Avec à nouveau 9 millions d'euros de subventions annuelles, la Hadopi fêtera l’année prochaine ses 10 ans. À l’heure des réformes voulues par la ministre de la Culture, une question se pose : après plus de 10 millions d’avertissements, combien d’amendes à 1 500 euros ont-elles été prononcées par les tribunaux de police ? Aucune, a-t-on appris.
Jeudi, la députée LREM Aurore Berger dévoilera son rapport sur l’audiovisuel où, sans surprise, elle devrait plaider des pistes de réformes visant la Hadopi. L’idée principale serait que l’autorité puisse infliger elle-même des sortes de sanction, via la procédure de transaction pénale.
Dans la mécanique actuelle, l'abonné multi-averti peut voir son dossier transmis à la justice par la Hadopi. Un tribunal peut alors infliger une amende de cinquième classe jusqu’à 1 500 euros, ou opter pour d'autres formules. D’après les derniers chiffres clefs, en neuf ans, 101 amendes ont été prononcées par ces tribunaux. S’y ajoutent 62 ordonnances pénales et 625 mesures alternatives aux poursuites. Enfin, on dénombre 9 condamnations pour des délits, puisqu’un dossier de riposte graduée peut être redirigé sur une action en contrefaçon.
Une moyenne de 300 euros par contravention
Une question n'avait jamais été posée : combien d'abonnés ont-ils été condamné à l'amende maximale de 1 500 euros ? Selon nos informations, ce cas… ne s’est jamais produit ! Sur le stock de décisions connues, pas une seule fois un juge n’a voulu infliger un tel montant.
Quatre ou cinq fois seulement, un tribunal a bien condamné des abonnés à une amende de 1 000 euros, mais ces décisions ont été le plus souvent assorties d’un sursis sur plusieurs centaines d’euros.
La moyenne des condamnations tourne finalement autour de 300 euros, somme qui ne tient pas compte des hypothèses où les ayants droit se constituent partie civile. Dans un tel cadre, le montant moyen des dommages et intérêts est cette fois de 100 euros, par demandeur.
Enfin, jamais une personne morale n’a été condamnée.
Hadopi, pédagogie
Sur le nombre de saisines, la Hadopi plafonne aujourd’hui à 70 000 signalements adressés chaque jour par l’ensemble des cinq entités agréées pour flasher les IP sur les réseaux P2P. Seulement ce chiffre est à prendre avec des pincettes, puisqu’une telle donnée brute ne tient pas compte des doublons, à savoir « lorsque plusieurs ayants droit constatent la même infraction »

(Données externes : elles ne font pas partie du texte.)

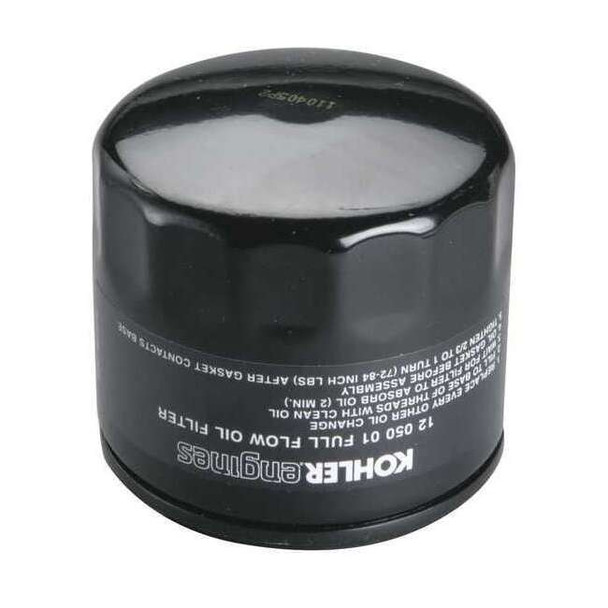 Miller Electric Oil Filter,For Bobcat 225 066698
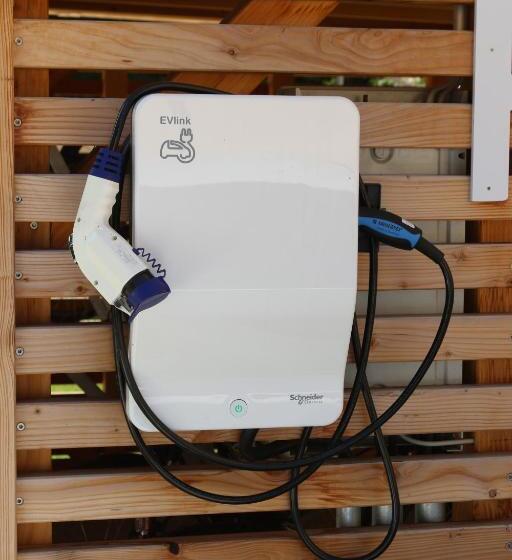 Via Regia   Vias Hotels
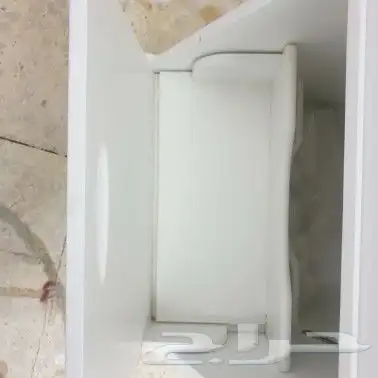 منظم اكسسوارات 5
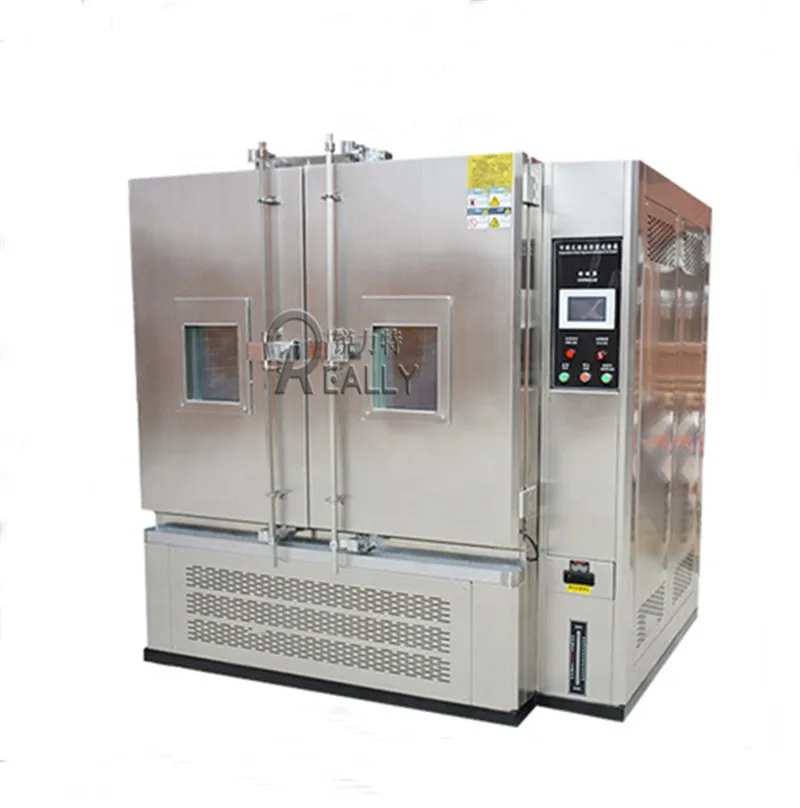 Industry Automatic Black Garlic Fermentating Room Korea Black Garlic Fermentation Machine Fermenting Chamber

Du coup, lorsqu’on oppose les extrêmes, d'un côté des dizaines de millions de signalements des sociétés de gestion collective et l'association de lutte contre la piraterie audiovisuelle, mais de l'autre aucune condamnation à 1 500 euros, l’écart doit être relativisé.
Surtout, ce n’est pas parce que le régime produit peu de condamnations qu’on peut mécaniquement en déduire son inefficacité. Depuis ses origines, l’institution s’est toujours drapée dans ses vertus pédagogiques. Inversement, une pluie de condamnations serait aussi le signe d’un échec.
Une certitude, la Hadopi a mobilisé chaque année autour de 9 millions d’euros de subventions publiques depuis son cri primal. Soit au total près de 80 millions d'euros.